If we really believe that Christian Scripture is divinely inspired, that it has made its way to us today under the guidance of God Himself through the hands of men inspired by His Spirit, why aren’t Christ’s words on divorce taken to heart the way Paul’s views on homosexuality are? Shouldn’t Christians place more weight on texts attributed to the Son of God Himself than they do to moral guidance from a mere man, inspired prophet or not?

Why doesn’t the Christian community have the same energetic response to divorce that they have to homosexuality and gay marriage? Why don’t churches insist divorced singles stay single and celibate (or remarry the person they divorced) the way churches insist homosexuals must stay single and celibate (or enter into a heterosexual relationship) in order to comply with Biblical teachings? There are divorced singles groups advertised in church bulletins all across America. I don’t know of any gay singles groups being offered in these same churches. Churches treat divorce as the highly personal, complex issue that it is, while applying blanket, stark moral reasoning to issues of sexual orientation.

We don’t we see Christian funded political action committees lobbying to make divorce illegal except in the case of infidelity. There are no groups with names like “Protect American Families” arguing for Federal or state Constitutional amendments outlawing heterosexual divorce. Certainly heterosexual divorce undermines the historical institution of marriage more profoundly than does gay participation. Far more children are deeply wounded by their heterosexual parents divorcing than are harmed by knowing there’s an open lesbian married couple living next door.

I’ll tell you why this is. I don’t think it’s necessarily naked, overt hypocrisy, although there is certainly an element of hypocrisy in it. Rather, I believe it’s because divorce is something that can and does happen to every day Christians. It’s “our sin”, not “their sin”. We all can identify with being so wounded by a person that we love that we find it impossible to carry on in the relationship, infidelity or not. Divorce happens to good, committed Christians that we know and respect; conversely homosexuality is easier to hide and ignore due to its highly personal nature. And so the Christian community is hesitant to take a strong, principled position on divorce consistent with Jesus’ teachings. Christians look at their fellow divorced congregants and very honestly say to themselves, “There but by the grace of God go I.”

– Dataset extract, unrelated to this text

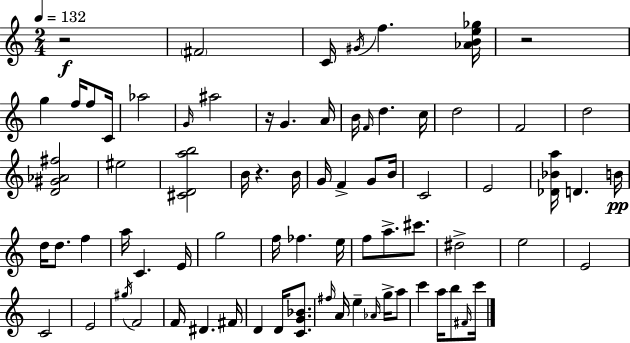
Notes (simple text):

R/h F#4/h C4/s G#4/s F5/q. [Ab4,B4,E5,Gb5]/s R/h G5/q F5/s F5/e C4/s Ab5/h G4/s A#5/h R/s G4/q. A4/s B4/s F4/s D5/q. C5/s D5/h F4/h D5/h [D4,G#4,Ab4,F#5]/h EIS5/h [C#4,D4,A5,B5]/h B4/s R/q. B4/s G4/s F4/q G4/e B4/s C4/h E4/h [Db4,Bb4,A5]/s D4/q. B4/s D5/s D5/e. F5/q A5/s C4/q. E4/s G5/h F5/s FES5/q. E5/s F5/e A5/e. C#6/e. D#5/h E5/h E4/h C4/h E4/h G#5/s F4/h F4/s D#4/q. F#4/s D4/q D4/s [C4,G4,Bb4]/e. F#5/s A4/s E5/q Ab4/s G5/s A5/e C6/q A5/s B5/e F#4/s C6/s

Not so with sexual orientation. We can keep homosexuality at a distance. We have trouble identifying with different sexual orientations. It seems so strange, maybe even mysterious! We can’t imagine ever being attracted to a person of the same sex, much less falling in love or having a physical homosexual relationship. Homosexuality is so foreign, so Other, so not a part of our every day life, that it allows us to enthusiastically and uncritically embrace Biblical passages condemning it, while gingerly tip toeing around the passages that clearly apply to our immediate communities.

I’m not suggesting that the solution to this dissonance is for Christians to forcefully and consistently condemn divorce with the same certitude that all things gay are condemned. Not only would that be immoral, it wouldn't be in keeping with the spirit or intent of Jesus’ teachings in the Gospels, and of the overall moral imperatives of the larger New Testament authors. What I would suggest is that the Christian community ought to abandon trite and convenient phrases such as “love the sinner, hate the sin” as a means of coming to terms with the very difficult challenges of fitting a first century Bible informed by a pre-modern Jewish Palestinian world view to a 21st century world informed by Enlightenment thinking and the scientific method. It’s no small task, and doing that in a deep, meaningful , thoughtful, and loving way takes more energy than “Adam and Eve, not Adam and Steve.”

Until conservative American Christians writ large start doing the hard work of serious thinking and serious moral reasoning, I don’t feel compelled to treat their objections to modern concepts of morality – or the forms that morality takes - as anything more than the mindless cries of a newborn infant, scared and unhappy that its formerly comfortable word is changing in ways it can’t quite comprehend.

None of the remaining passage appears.